The habit of self-sabotage can be so deeply unconscious we really don’t see it. We are blinkered to what we are doing (even if it is patently obvious to everyone around us).
2. We know what we should do.
Here we know we are sabotaging our goals, yet we keep choosing the easy option. We are not proactive. We do not take the first step.
3. We give up.
We have a goal in mind and try working toward it. When it doesn’t happen immediately (or to our specifications), we give up, even if an inner voice urges, What happened? Keep going!
When we are stuck in patterns of self-sabotage, it’s like constipation of the psyche. There’s no flow, no opening and it creates a vicious cycle.
The more bound up we become, the more disempowered and disenchanted we feel. In this unhealthy dynamic, we replay old tapes in our head about what we want, but feel incapable of getting where we so desperately long to be.
When this is the case, we have to be willing to at least try to give ourselves a good flushing out and allow the energy to flow freely.
The following self-inquiry exercises help. They have helped me. They are simple to apply, don’t cost a dime and can be used again and again:
In response to a relationship, work or health issue, ask yourself, “Is this working?” Deep inside, you already know the answer to this question. However, unless you are willing to consciously look at what the issue is around a situation or relationship that creates pain, frustration, dis-ease or discomfort, you will continue being a party to it. To transform something, you must shine light on it. The minute you do, patterns of subconscious behavior begin to fall away.

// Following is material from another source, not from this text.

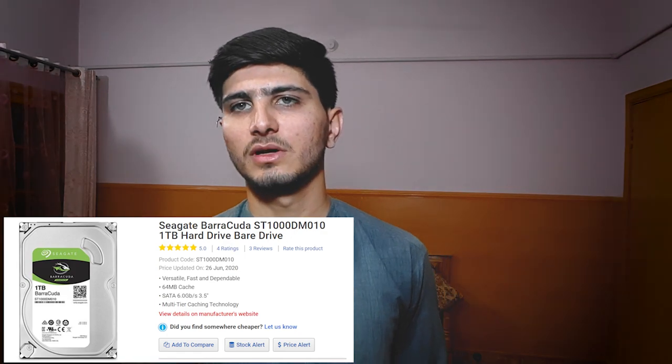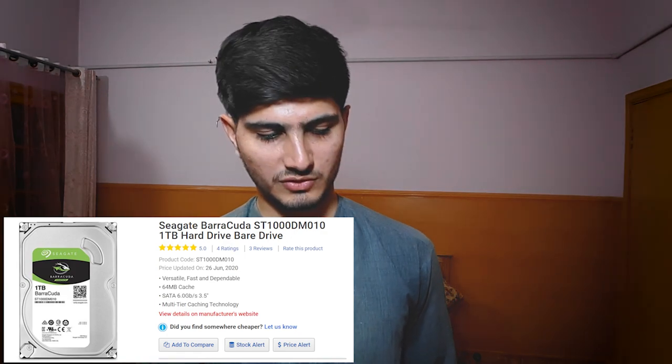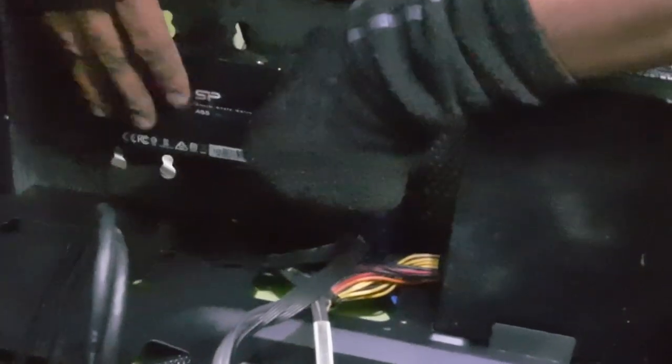The RAM is 16GB DDR4, which I got for 12,500 — new and at a good rate. There's also a 1TB HDD for 3,500 used, and a 120GB SSD which is new, for 4,500.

Zoning out and fantasizing about an imaginary future (or looking nostalgically at the past) helps nothing. We miss this moment where there are invaluable lessons to be learned. With presence, we know exactly what to do and when to do it. No energy is lost following false leads and when the time is right, synchronicity points the way to an obvious ease and flow in the direction of our lives.
Listen to your inner guidance. Act on it and take at least one step in the direction of your dreams and goals. Don’t concern yourself with the bigger picture. Making a start is vital. For example, if you feel stuck in a toxic work environment and see no immediate way out, move your desk, or try altering your schedule. Doing something starts the energy flowing. It empowers you and helps you become clear. Then once you are consciously engaged, watch how the universe finds creative ways to support you.
It takes guts to articulate what you want out of life, and I mean really want. It’s even more difficult to stand squarely behind your dreams, goals and visions and do the work to bring them into manifestation.
However, it’s worth the effort. You are worth it. I am worth it.
And, once my lovely, smart friend wakes up to what she has been doing to herself, she will realize she is worth it.